The disclosure obligation: you must say you are AI
The EU AI Act's Article 50 transparency requirements prohibit AI systems that interact with natural persons from concealing that they are AI when the person sincerely wants to know. This means: when a customer asks "am I talking to a real person?" or "are you a chatbot?", an AI customer service system must disclose that it is AI — it cannot deny being AI. This prohibition applies in the EU and, through the extraterritorial reach of the EU AI Act, to any organisation whose AI customer service interacts with EU residents.
Beyond the EU AI Act's specific prohibition, many jurisdictions' general consumer protection law prohibits misleading conduct — and an AI system that creates the impression of human interaction when it is not is arguably engaging in misleading conduct. The practical standard: deploy AI customer service with clear identification that it is AI, at the start of interactions and when sincerely asked. This is not only legally required but commercially sensible — customers who discover they were deceived about whether they were talking to a human have stronger negative reactions than those who knew they were interacting with AI from the start.
Accuracy and consumer law
AI customer service systems that make incorrect statements about products, pricing, service terms, or entitlements create consumer law liability for the business. The AI system is acting as the business's agent in the interaction — its statements are the business's statements for consumer law purposes. An AI chatbot that incorrectly states a product has a warranty it does not have, that quotes an incorrect price, or that makes a commitment the business cannot fulfil has made a misleading representation. The consumer's remedies (refund, replacement, damages) apply against the business, not the AI provider.
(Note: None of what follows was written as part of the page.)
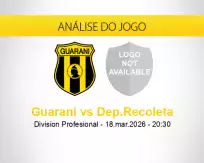 Guaraní vs Dep.Recoleta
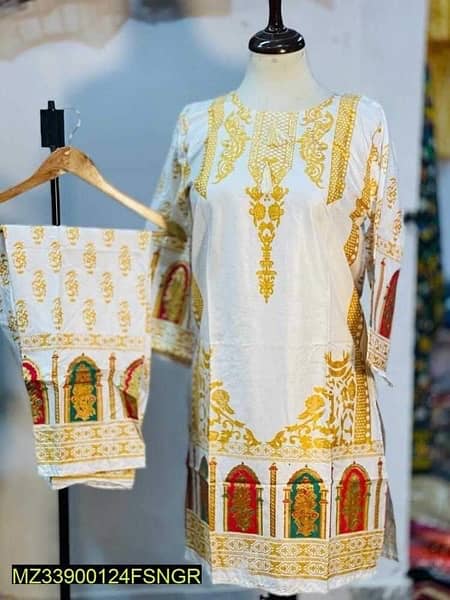 BEAUTIFUL DRESSES AVAILABLE LINEN  DHANAK 2pcs 11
The accuracy requirement for AI customer service is therefore higher than many businesses realise. Accuracy must be verified before deployment, monitored in production, and maintained as products, prices, and policies change. AI customer service systems are often updated less frequently than the business information they represent — creating growing accuracy gaps over time. Quality management for AI customer service must include a process for updating AI systems when business information changes and for monitoring accuracy of AI responses in production.